China's central bank has called on lenders to boost credit, especially to micro, small and midsize enterprises (MSMEs) in the face of an "unstable and uneven" domestic economic recovery and a "more severe and complex" external environment.
People's Bank of China Gov. Yi Gang told some of the country's biggest lenders that the structure of credit needs to be improved so that more capital is directed to science and technology innovation, green development, MSMEs and sole traders. Interest rates need to come down -- especially for MSMEs -- and banks need to strengthen balance sheets so they can increase lending.
Yi delivered the message at an annual symposium held Monday to analyze monetary and credit conditions, according to a PBOC statement. It was attended by central bank officials and financial institutions, including China Development Bank, Industrial and Commercial Bank of China and China Construction Bank. Symposiums were held in November 2018 and 2019 but there was no information about a meeting in 2020.
The timing of this year's event, three months earlier than usual, has led to speculation that the government is becoming increasingly concerned that demand for credit is softening and could contribute to a slowdown in economic growth. Central bank data released earlier in August showed weakening momentum in new loans and other funds raised by nonstate entities in July.
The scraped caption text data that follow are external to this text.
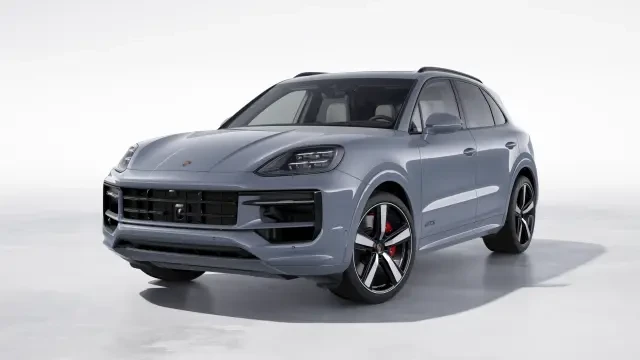 2026 Porsche Cayenne - Image 6 of 30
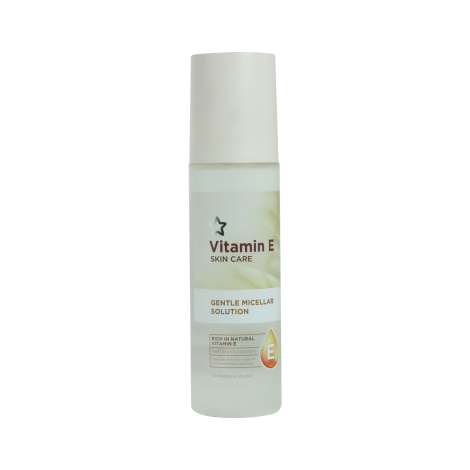 Superdrug Vitamin E Gentle Micellar Water 200ml
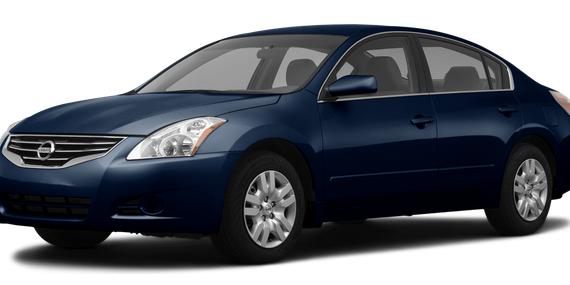 NISSAN ALTIMA 2012 1N4AL2AP8CC189671 image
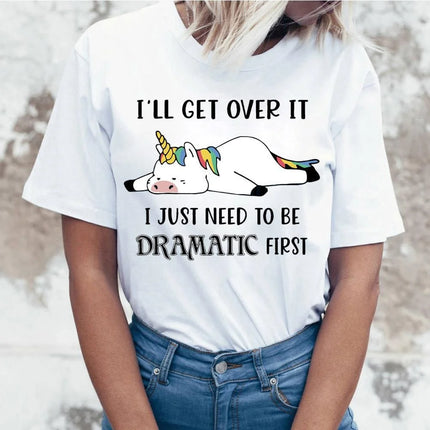 The Unicorn Quote Shirt You Need
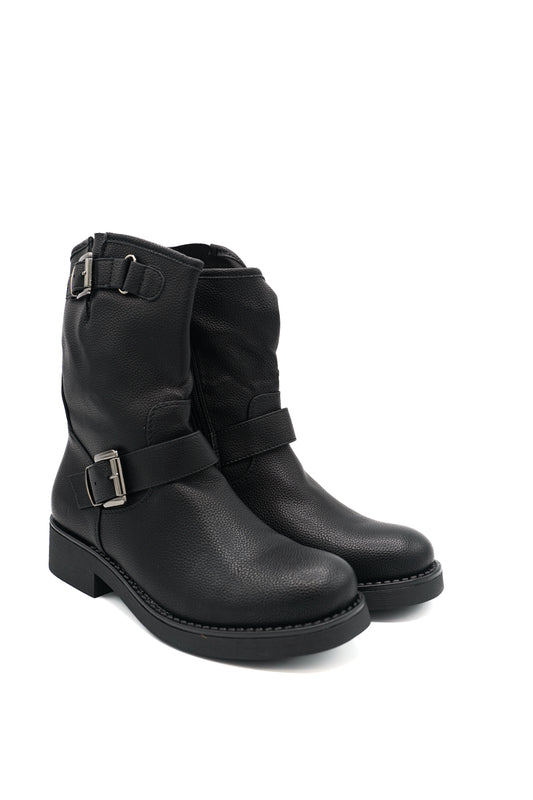 Gaia Shoes Stivaletti Rossana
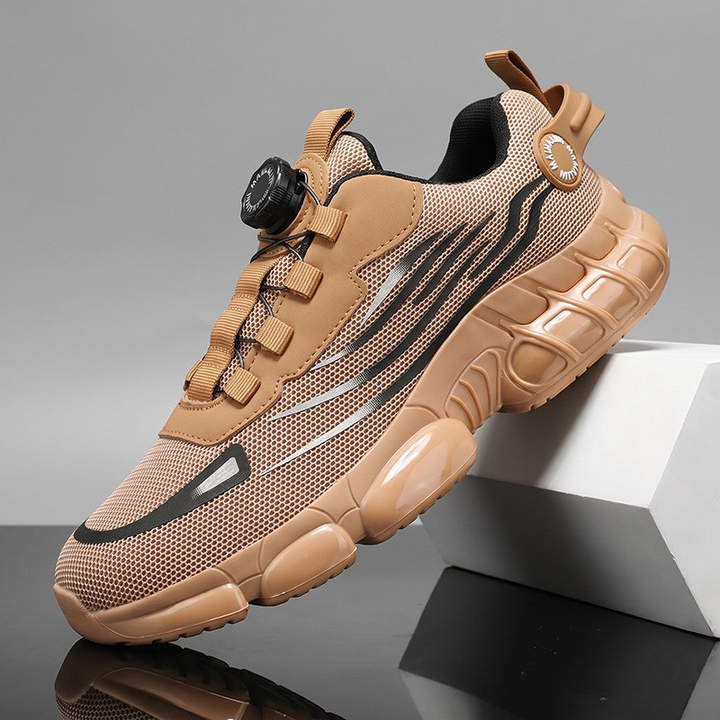 Traverse Utility Sneakers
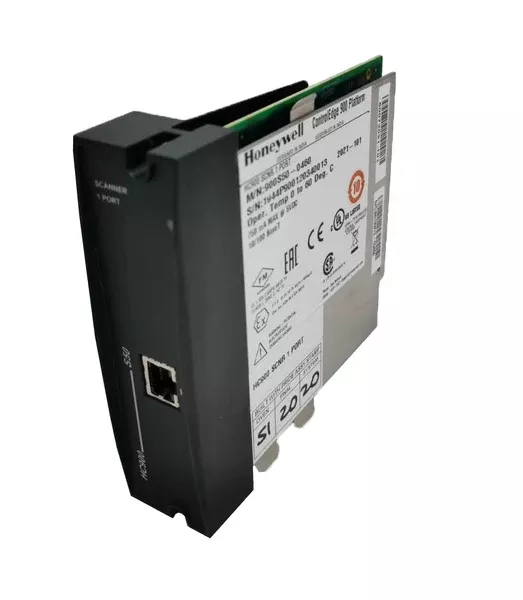 900C70-0460 Honeywell ControlEdge HC900 Control Base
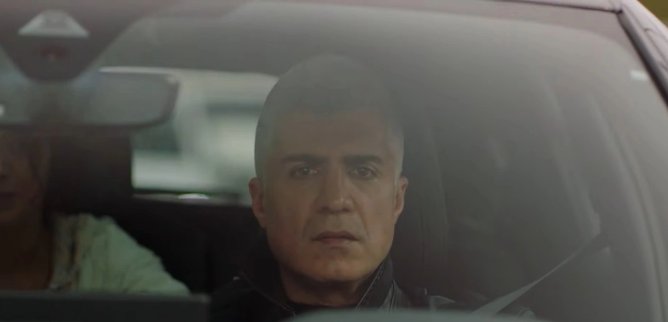 Турецкий сериал Я так долго тебя ждал 9 серия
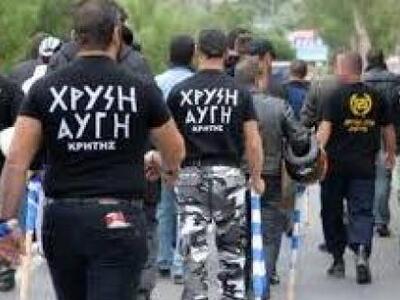 Εργαζόμενοι Ευαγγελισμού για Χρυσή Αυγή:...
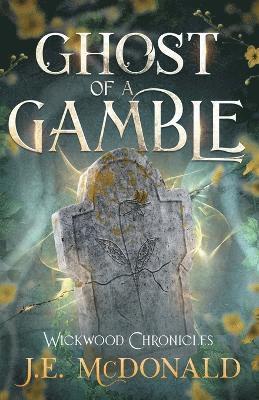 bokomslag Ghost of a Gamble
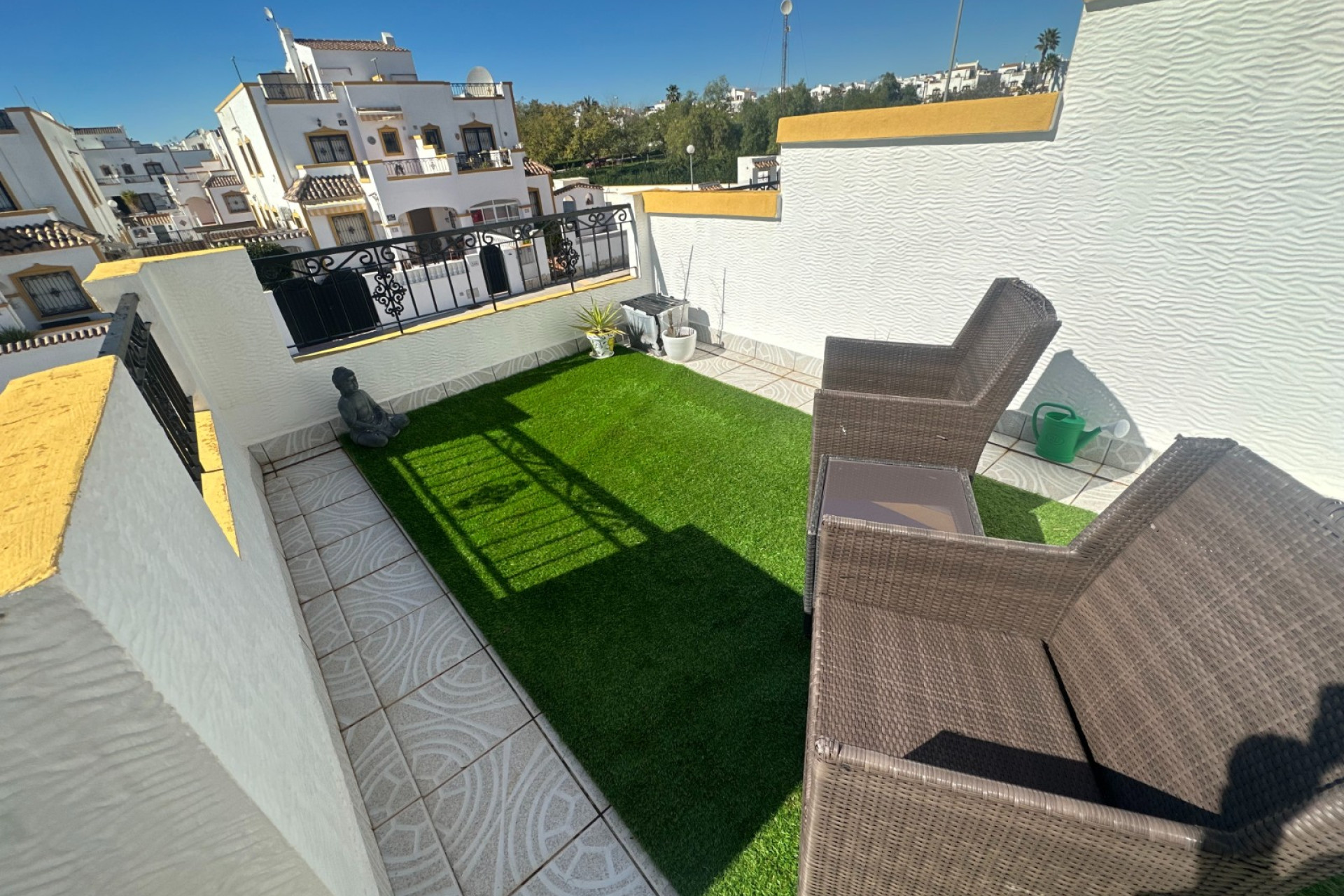 Resale - 2. Town house - Orihuela - Costa Blanca South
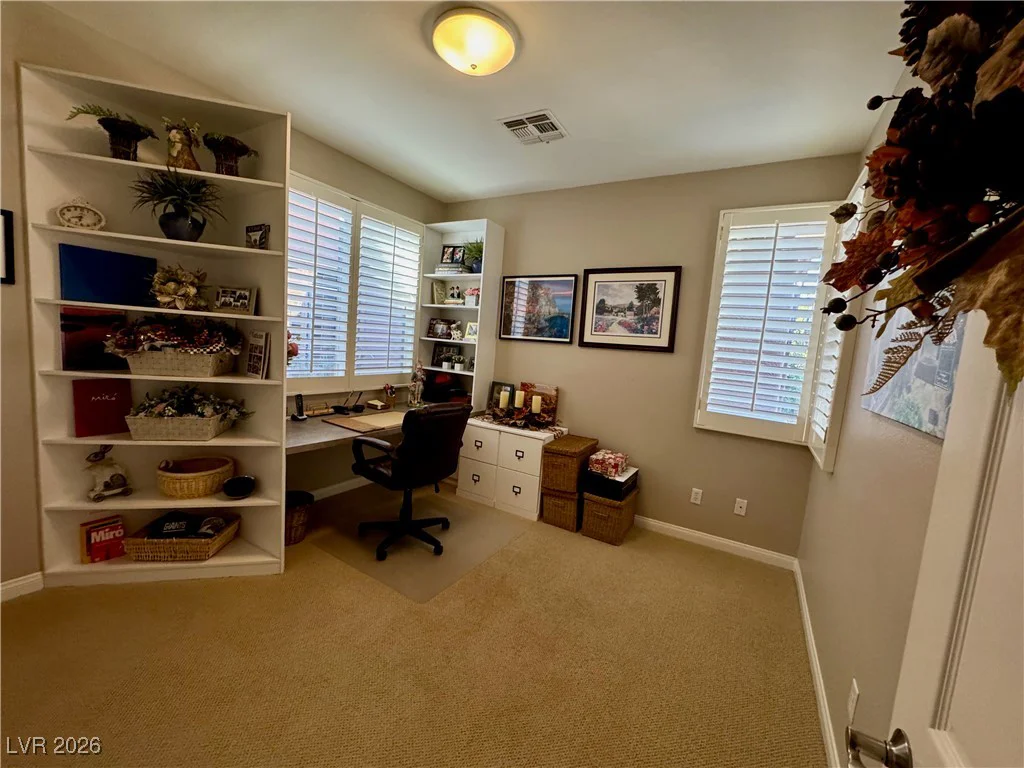 2201 Scarlet Rose, Las Vegas, NV 89134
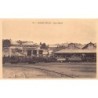 Rare collectable postcards of CONGO KINSHASA. Vintage Postcards of CONGO KINSHASA
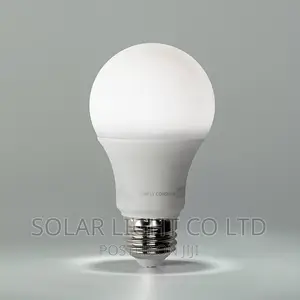 DC LED Bulb 7watts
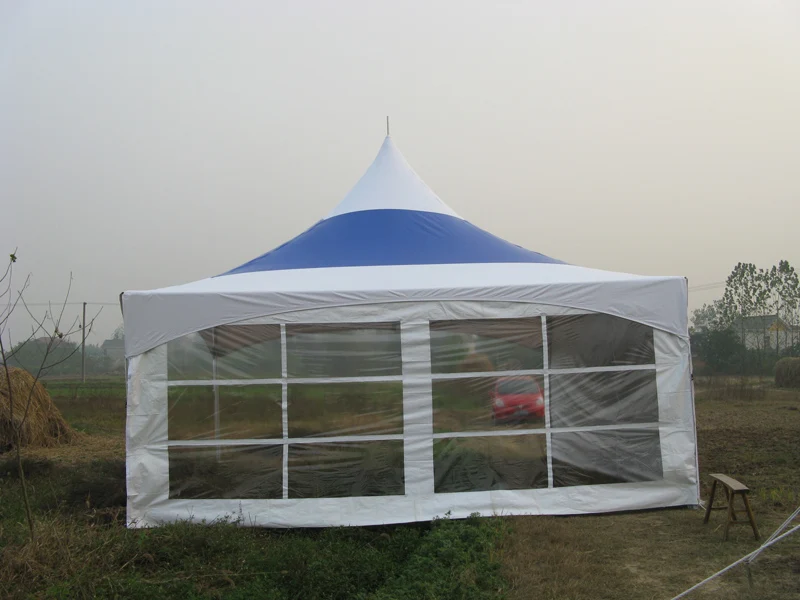 Outdoor Folding Custom Event 10x10 3x3 Pop Up Aluminium Awning Marquee Gazebo Canopy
New total social financing, a broad measure of credit and liquidity in the economy, was the lowest since February 2020, falling to 1.06 trillion yuan ($163.7 billion) from 1.7 trillion yuan in July 2020. Data released by the National Bureau of Statistics also showed slowing economic activity in July, with growth in consumption and the services sector moderating.
"One of the central bank's policy targets is to broaden credit and stabilize growth," said Zhong Linnan, a senior macroeconomic analyst at GF Securities. The central bank is urging banks to lend in a timely manner, smooth the pace of credit dispersal, and provide credit support for businesses as soon as possible, he said.
The PBOC statement said banks need to link their lending in the second half of this year with the first half of 2022. Zhong said this indicates that the central bank does not want them to hold back loan approvals in the fourth quarter and push them out in the first quarter of 2022, as they usually do, to get a strong start to the new year.
"We believe the meeting indicates that the PBOC intends to improve banks' willingness to lend and does not want credit growth to decline too quickly," UBS Securities strategist Mary Xia wrote in a report on Tuesday, noting that the latest central bank quarterly survey of bankers showed loan approvals and demand declining, while growth in outstanding loans to small and micro businesses fell in the second quarter -- the first quarter-on-quarter drop since 2019.
"At the same time, the PBOC still emphasizes the importance of structural credit adjustment, and a largely matched social financing and nominal GDP growth," she said. "Therefore, we believe that the PBOC will not make substantial liquidity injection, but may take some measures to keep liquidity conditions stable and lower the funding costs of banks."
Lowering interest rates should help increase demand for loans and boost the willingness of manufacturers and MSMEs to invest, GF Securities' Zhong said, adding that to bring rates down, the PBOC may take measures such as reducing banks' own cost of capital and implementing reforms to reduce the risk premium banks need to lend to MSMEs. To strengthen balance sheets, the PBOC may encourage banks to issue Tier-2 bonds and may expand the use of local government special-purpose bonds to recapitalize small and midsize banks. Cutting the reserve requirement ratio will also provide more funds for banks to lend, he said.
The PBOC cut the RRR in July, the first reduction in 15 months, releasing around 1 trillion yuan for financial institutions to lend to businesses and help them cope with rising commodity prices. On Aug. 16, a meeting of the State Council chaired by Premier Li Keqiang discussed the need to guide financial institutions to use the RRR cut to support small and midsize companies.
The PBOC has not changed the interest rate on its medium-term lending facility, which provides funds to major commercial banks, since April 2020 and the loan prime rate, the interest rate benchmark banks use to price their loans, has also been unchanged since then.
But Wang Yifeng, chief banking analyst of Everbright Securities, said there is no need for either rate to come down. Interest rates will naturally fall as a result of downward pressure on the macroeconomy and the difference between credit demand and supply, he said.